低分子液晶の配向構造を固定化するという手法を用いることにより、明確に異方的イオン伝導性を示すフィルム材料を作製することができた。しかし、室温でのイオン伝導度は10-6 S/cm 程度であり、実用的な観点から言えば充分な値とはいえない。固体イオン伝導材料としてのイオン伝導度の値は、一般的に10-3 S/cm 程度が必要と言われている。そこで、イオン伝導性部位を高分子液晶のナノ構造中に効率よく組み込むことにより、高イオン伝導性を示す異方性フィルムの開発を試みた。

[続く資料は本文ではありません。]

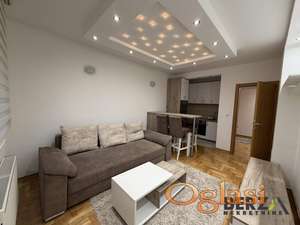 NOV, KOMPLETNO NAMEŠTEN DVOSOBAN STAN, BULEVAR PATRIJARHA PAVLA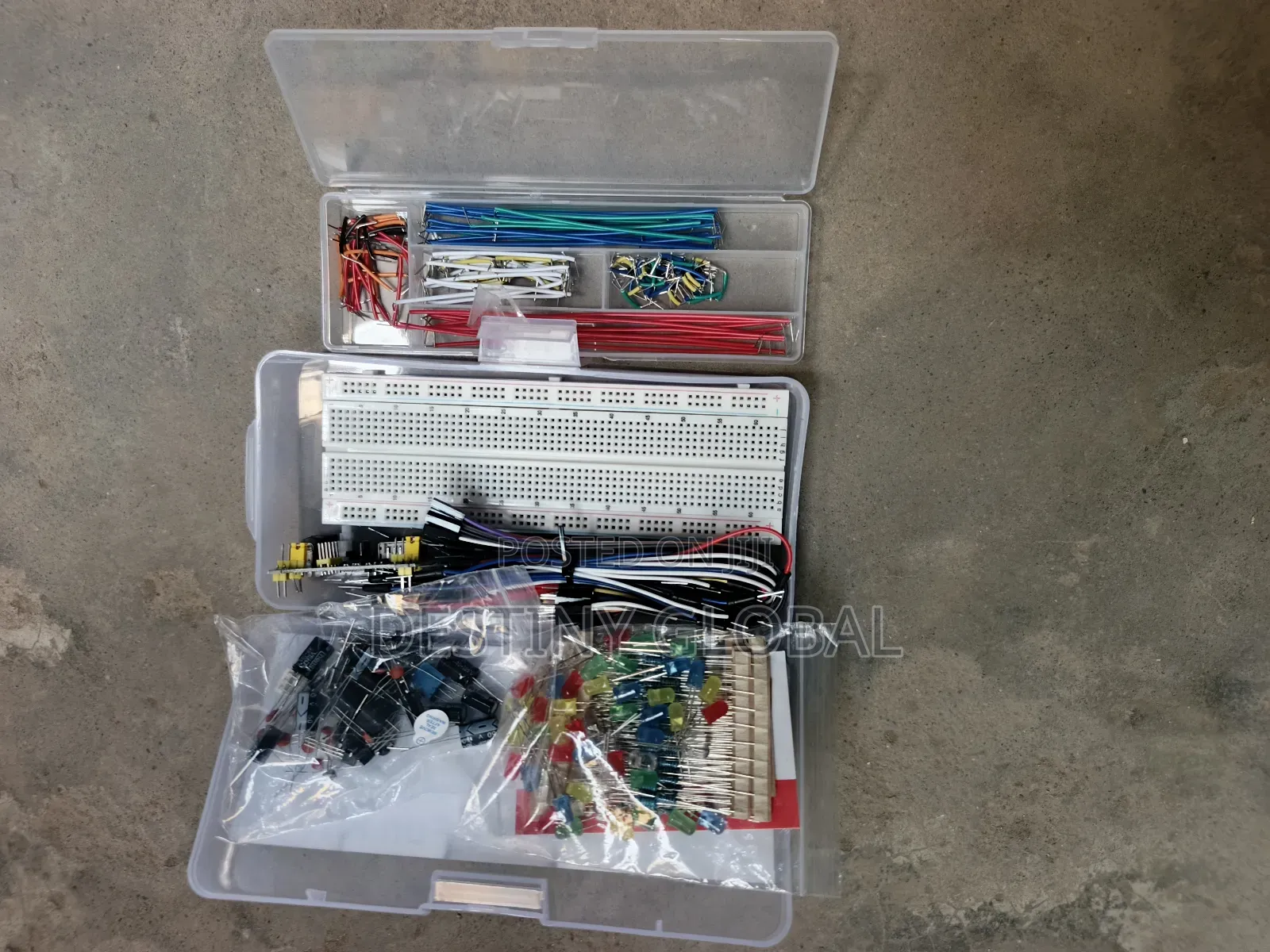 Components Starter Kit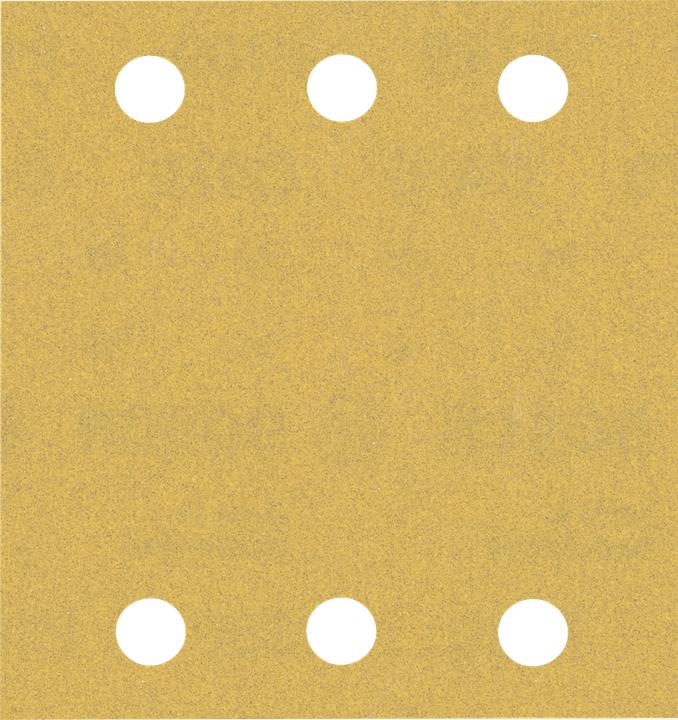Produktbild Bosch Professional Zubehör EXPERT C470 Schleifpapier mit 6 Löchern für Schwingschleifer, 115 x 107 mm, G 180, 10-tlg. (180)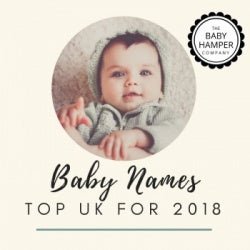 top baby names 2019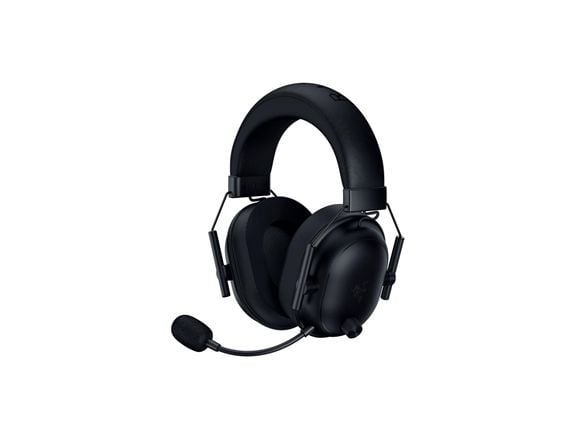 Razer BlackShark V2 HyperSpeed - Hodesett - full størrelse - Bluetooth / 2,4 GHz radiofrekvens - trådløs, kablet - USB-C - lydisolerende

前述した配向ポリマーは、イオン伝導部位が側鎖のスペーサーとして導入されているため、直接結合している主鎖骨格、およびメソゲン部位により運動性が低下していると考えられる。そこで、新たに側鎖の末端にエチレンオキシド鎖を持つ側鎖型スメクチック液晶性ポリマーを設計、合成した。この場合、エチレンオキシド鎖がポリマー主鎖からの運動性の束縛を受けないために、重合後においても高イオン伝導性を示すことが期待できる。

配向したスメクチック液晶性ポリマーの合成は、前述した方法と同様に、モノマー状態で均一配向制御したリチウム塩複合体に対し、光照射により配向構造を固定化することにより行った。得られた高分子複合体の異方的イオン伝導性を調べたところ、レイヤーに平行な方向のイオン伝導度は室温付近でも1.3 × 10-3 S/cmと非常に高いことがわかった。また、DSC測定の結果から、末端に導入されたエチレンオキシド鎖由来のガラス転移点は-45 °Cであることがわかった。これは、室温以上の温度範囲では非常に運動性の高い状態であることを示唆している。このように、運動性の高いエチレンオキシド鎖を、液晶の形成するナノ相分離構造中で効率よく組織化することにより、高イオン伝導性を示す液晶性高分子材料が開発できた。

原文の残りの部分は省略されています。